Code de conduite ou boîte à questions

Interprétation
La Bible est une ressource pour les fidèles du protestantisme. Mais là où certains et certaines voient une sagesse inspirante, d’autres reconnaissent des lignes directrices d’une loi divine.

C’est l’une des revendications majeures de la Réforme: la Bible est reconnue comme seule source de la foi chrétienne, s’opposant ainsi à nombre d’ajouts de la tradition ecclésiale. Aujourd’hui encore, les prises de positions ecclésiales sont généralement émaillées de références bibliques. Pourtant, bien que guidés par le même corpus scripturaire, les avis des différents mouvements issus de la Réforme sont parfois radicalement opposés sur les questions sociales telles que le suicide assisté ou le mariage de couples de même sexe. Dans la grande famille protestante, l’on fait donc le grand écart entre évangéliques, aux positions très critiques sur ces questions, et réformés, réaffirmant régulièrement leurs positions d’accueil et d’ouverture sur ces mêmes thématiques.

 

Le dossier en bref

Le protestantisme ne reconnaît pas à une Église ou à une institution l’autorité de définir une interprétation correcte du texte biblique. Les croyantes et les croyants donnent donc des sens variés aux tensions qui existent dans le corpus biblique. Les tentatives de lire la Bible au pied de la lettre sont quant à elles, une invention moderne.
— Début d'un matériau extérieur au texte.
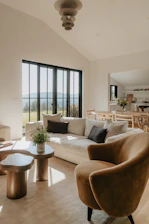 A living room filled with furniture and a large window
Dans le catholicisme romain, l’on reconnaît au pape et aux évêques l’autorité de canaliser la créativité des fidèles dans leur interprétation « dans une saine fidélité aux énoncés du Credo » alors que l’orthodoxie reconnaîtra d’autant plus facilement une interprétation nouvelle qu’elle s’inscrira dans une chaîne de sens remontant jusqu’aux pères de l’Église.

Si l’Église primitive a produit de nombreux écrits, elle s’inscrit dans une tradition où la transmission des savoirs se fait essentiellement par oral. D’ailleurs, Jésus n’a pas laissé d’écrits à ses disciples. D’ailleurs, aujourd’hui encore, le judaïsme fait de la lecture de la Torah, un événement oral.

Robin Reeve est pasteur et professeur d’Ancien Testament à la Haute école de théologie (HET-pro), un établissement situé à Saint-Légier (VD) et idéologiquement proche des milieux évangéliques. Il appelle à ne pas se focaliser sur les points sur lesquels les croyants sont en désaccord, mais plutôt sur ce qui les unit. «Avec une lecture honnête du texte, on peut être d’accord sur les bases. Après, c’est quand on entre dans les détails que l’affaire se corse, et l’on dit d’ailleurs que le diable se cache dans les détails! Mais je pense que le vrai défi, c’est de suivre l’invitation de Jésus à nous aimer les uns les autres. Il faut accepter les approches différentes de l’autre, sans le disqualifier, mais sans non plus être prêt à renoncer à ce que l’on pense être nos essentiels», détaille-t-il.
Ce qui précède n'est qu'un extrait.